Problem statement: When you reach the line containing "Two Sunflowers Black" in the records below, set it down exactly, together with every later line through the end, but not the pictures.

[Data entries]
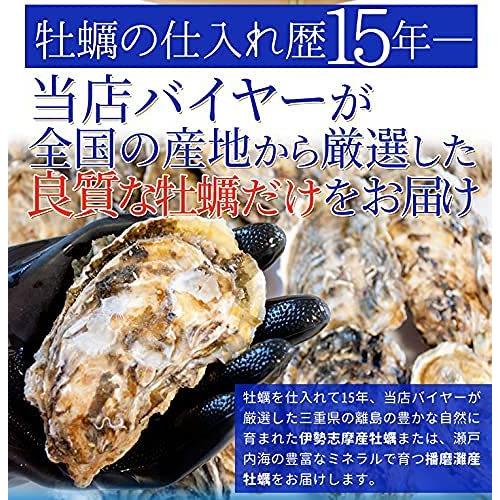 牡蠣 カンカン焼き セット Ｍ〜Ｌサイズ ２０個入 冷凍牡蠣 旬凍 産地厳選 ミニ缶入（牡蠣ナイフ・片手用軍手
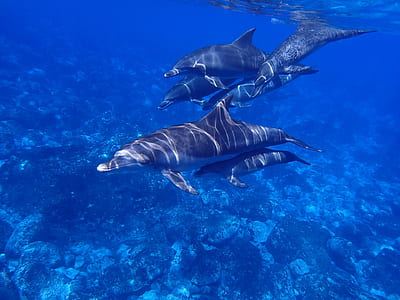 school of gray dolphin thumbnail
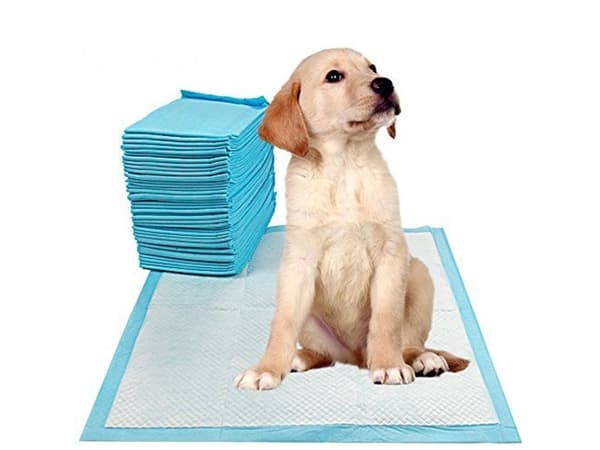 50st Hygienunderlägg / Kissmatta för Hund / Valpmatta - 45x60cm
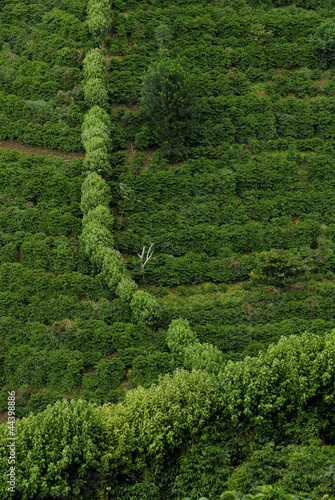 Photo: Organic coffee farm Organic coffee farm
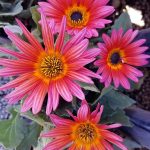 Arctotis 'Pink Sugar'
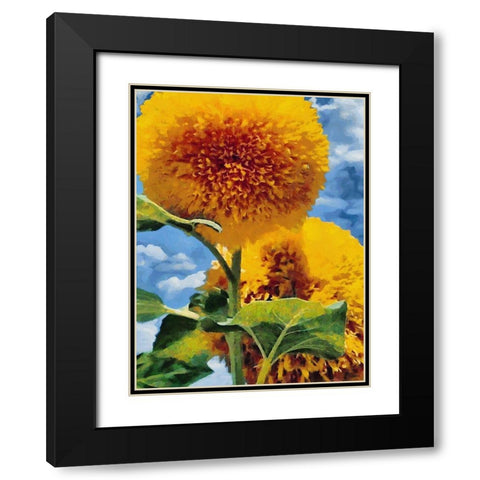 Two Sunflowers Black Modern Wood Framed Art Print with Double Matting by Medeiros, Celito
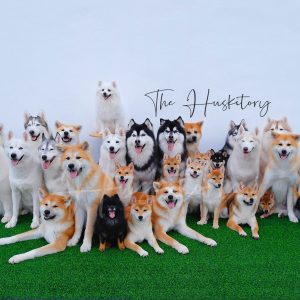 Huskitory & Inu House Combo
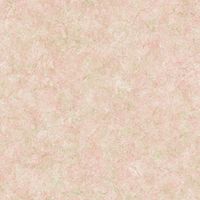 Обои Aura Cute арт-PF38129 — фото 1, Обои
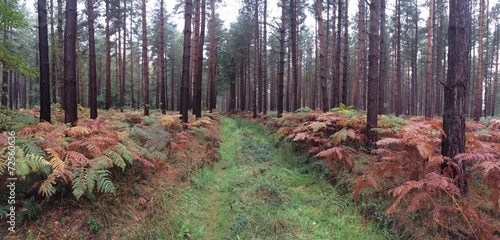 Canvastavla pine forest woodland path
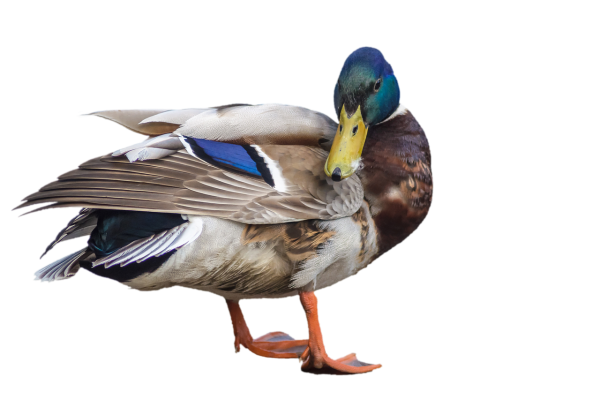 Утка кряква на белом фоне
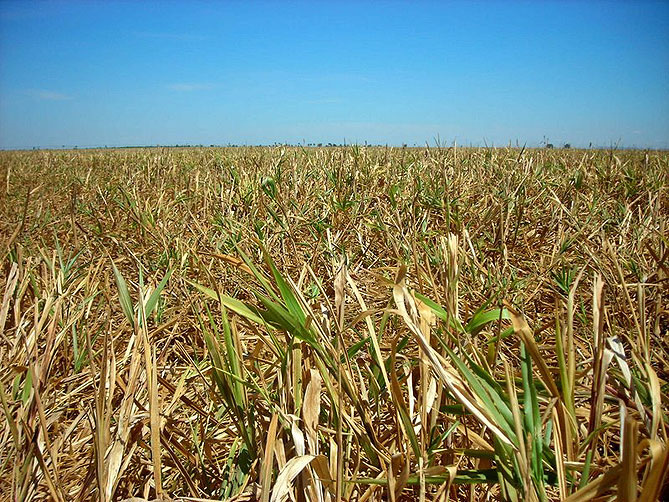 Milheto: garantindo produtividade nas próximas safras de soja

Completed exercise:
 Two Sunflowers Black Modern Wood Framed Art Print with Double Matting by Medeiros, Celito
 Huskitory & Inu House Combo
 Обои Aura Cute арт-PF38129 — фото 1, Обои
 Canvastavla pine forest woodland path
 Утка кряква на белом фоне
 Milheto: garantindo produtividade nas próximas safras de soja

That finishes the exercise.